We all knew kids like this in school, class presidents and good-time boys who dodged the work but skated by on a smile, a stunt, and a little timely sucking up. Their heedlessness is their charm. They're Reagan's children, schooled in the politics of wishful thinking. All they need to know is that you can fool enough of the people enough of the time, and that hard truth counts less than passionate conviction, or an appealing simulation thereof.

Seattle, the concept

Let's also celebrate what was both the most prescient and most clueless quote of 1999. On October 13, a month-and-a-half before the trade ministers and sea turtles came to town, City Council member Margaret Pageler published a P-I op-ed on the "choice between progress and protesters." She led off by saluting Seattle as "the Pacific Rim city that's so dynamic the US government chose to bring the trade ministers of the whole world here for their conference." Dynamic indeed—beyond their wildest dreams.
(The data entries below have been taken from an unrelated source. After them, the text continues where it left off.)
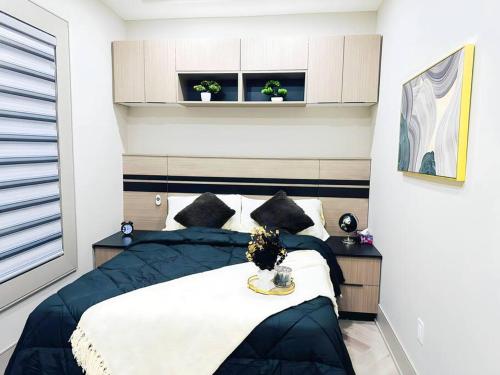 Fallsview Haven: 4BR Gem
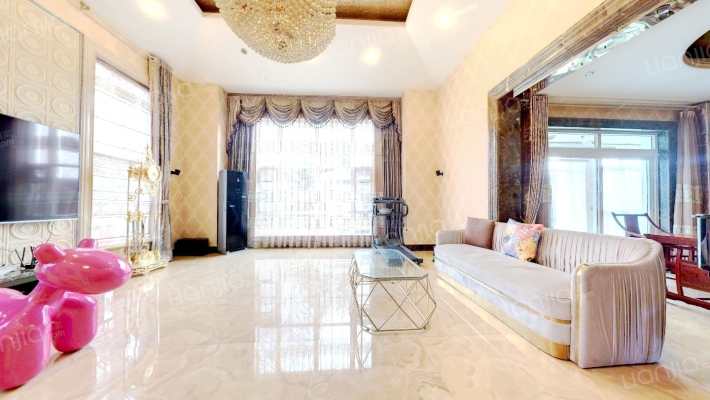 高天流云二手房实景图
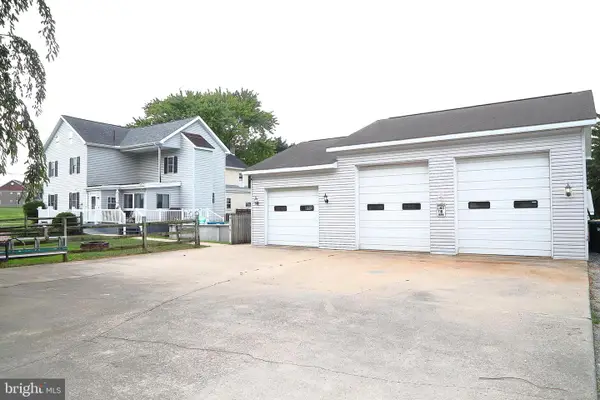 62 Stevens Rd, STEVENS, PA 17578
But give the local WTO hosts credit. They wanted to Put Seattle on the Map, to stamp an indelible, ineluctable identity on it. And they succeeded, beyond their wildest dreams. Seattle has joined the select list of places so inseparably associated with certain events you need only say their names to evoke the events. "Vietnam," for the Vietnam War. Kent State. Pearl Harbor. And now "Seattle." The Economist, that consummate informer of elite opinion, dispenses with "battle of Seattle" and "debacle in Seattle" and calls the turmoil that rocked the city and the world trading system simply "Seattle."

For the free-trade-favoring Economist, that's no triumph. "The real losers in Seattle," it lamented two weeks ago, are the world's five billion poor, whose hopes of cracking the rich countries' protected markets and working their way up got trashed "amid the debris of Seattle." But there's also glory in the association: Here greens, labor unionists, and folks who don't trust or feel part of the local and global booms rose up and jammed the works. Rather than aspiring to be a world city, Seattle can preen over becoming a world-stopping city.

Politics outlives art

Meanwhile, like "Seattle," Margaret Pageler has become an unlikely lightning rod. To her erstwhile activist allies she's the personification of all that's cold, corporate, technocratic, and "downtown" about the glittery new Seattle—Darth Sidran's legislative counterpart. Last Monday Allied Arts tapped this sentiment at its annual Holiday Party and "First Annual Alien Abductee Awards." The avowed intent of the event: to expose "the awful truth" behind the "sudden malevolent swerves" and "bizarre shifts of behavior" of leaders who "were all human once, just like you and me." (Hey, what makes you so sure?)

Various "celebrity nominators" (including the Weekly's John Longenbaugh) proposed various celebrity cases of alien possession. The audience voted with its applause—and Pageler beat out even Sidran as alien abductee supreme.

That's some turnabout. In the 1980s, Pageler was president of Allied Arts and a Licata/Steinbrueck-style insurgent—the only member of the pro-neighborhood Vision Seattle slate eventually elected (after repeated tries). But today's activists scorn her with a fury reserved only for turncoats. They especially resent the way she preempted proposals to require 1 Percent for Art outlays for utility projects outside the city limits, and to raise the arts allocation to 1.5 percent of city construction budgets. "It just seems mean-spirited, and not particularly smart," complains Allied Arts' current president Alex Steffen. Pageler counters that it would be mean to raise struggling pensioners' utility bills and dumb to make suburban water customers pay for public art.